Immediately across the other side of the river is a multilane level crossing on Daming road. The level crossing hut has a large TV screen for the public with a live feed showing where the trains are between Nanjing and Wuhu. This became quite a helpful tool in deciding where to be for any given train, even though there is plenty of notice given from the ND5's 3 chime Leslie air horns which are utilised very liberally by the crews.

I spent a little over two hours here capturing five freight trains all with early ND5's on point. Most trains were mixed freight, although I again found the same rail train that I had seen in Ma'anshan a couple of days ago. These trains are classified as T11BK and comprise of a number of crew cars and up to 31 modified flat cars that carry rails 500 meters in length. A loaded train can carry enough rail to lay some 14 kilometres of track. These trains were developed by Shenyang Rolling stock work in the late 1990's to assist with the contruction of China's high speed rail program.

While I could have spent the entire day here, I had a long list of things to do and time was running out so I pressed on towards the old Pukou railway station (also known as Nanjing North) on the other side of the river, using a taxi to get me to the Zhongshan ferry terminal. On the meter this was about 90 RMB, obviously more expensive than public transport options, but much faster taking into account walking times and working out the bus system.

Getting onto the ferry is very easy, simply walk in the terminal, insert two RMB into the slot and walk on board. Ferries to the other side are very cheap and frequent. The bottom level is used by scooters/motorbikes and the upper deck for passengers. The ride across the river takes about ten minutes or so to Pukou wharf and the railway station lies directly opposite. Watching the underpowered scooters and motorbikes attempt the steep ramp off the ferry was particularly amusing!

The streets surrounding the station are very beautiful, with features reminding me of what China used to be like on my first visits to the country some 18 years ago - large oak trees line the streets with old grey brick buildings either side. Elderly people smoke pipes on the sidewalks and tiny convenience stores under slowly disintegrating concrete & brick apartment buildings are still busy trading goods. Many of the buildings date back more than a hundred years and most are still in original condition for now, unusual for China.

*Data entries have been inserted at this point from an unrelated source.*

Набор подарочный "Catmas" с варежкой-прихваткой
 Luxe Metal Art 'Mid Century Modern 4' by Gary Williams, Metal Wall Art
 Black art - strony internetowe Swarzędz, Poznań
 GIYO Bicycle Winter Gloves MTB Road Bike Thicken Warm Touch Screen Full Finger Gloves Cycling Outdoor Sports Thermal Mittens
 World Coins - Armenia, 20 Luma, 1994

Pukou railway station is very historical, originally constructed in 1914, but rebuilt after heavy bombardment in 1937. It was the largest station on the Tientsin- Pukou railway however it lost its significance after the rail ferry was made obsolete with the opening of the Yangtze River Railway bridge in 1968.

The station has not had a passenger service for many years, however one of the platforms is now being used to load freight wagons from a local factory and other rolling stock is stored in the platforms. Access onto the platforms is forbidden, at least officially.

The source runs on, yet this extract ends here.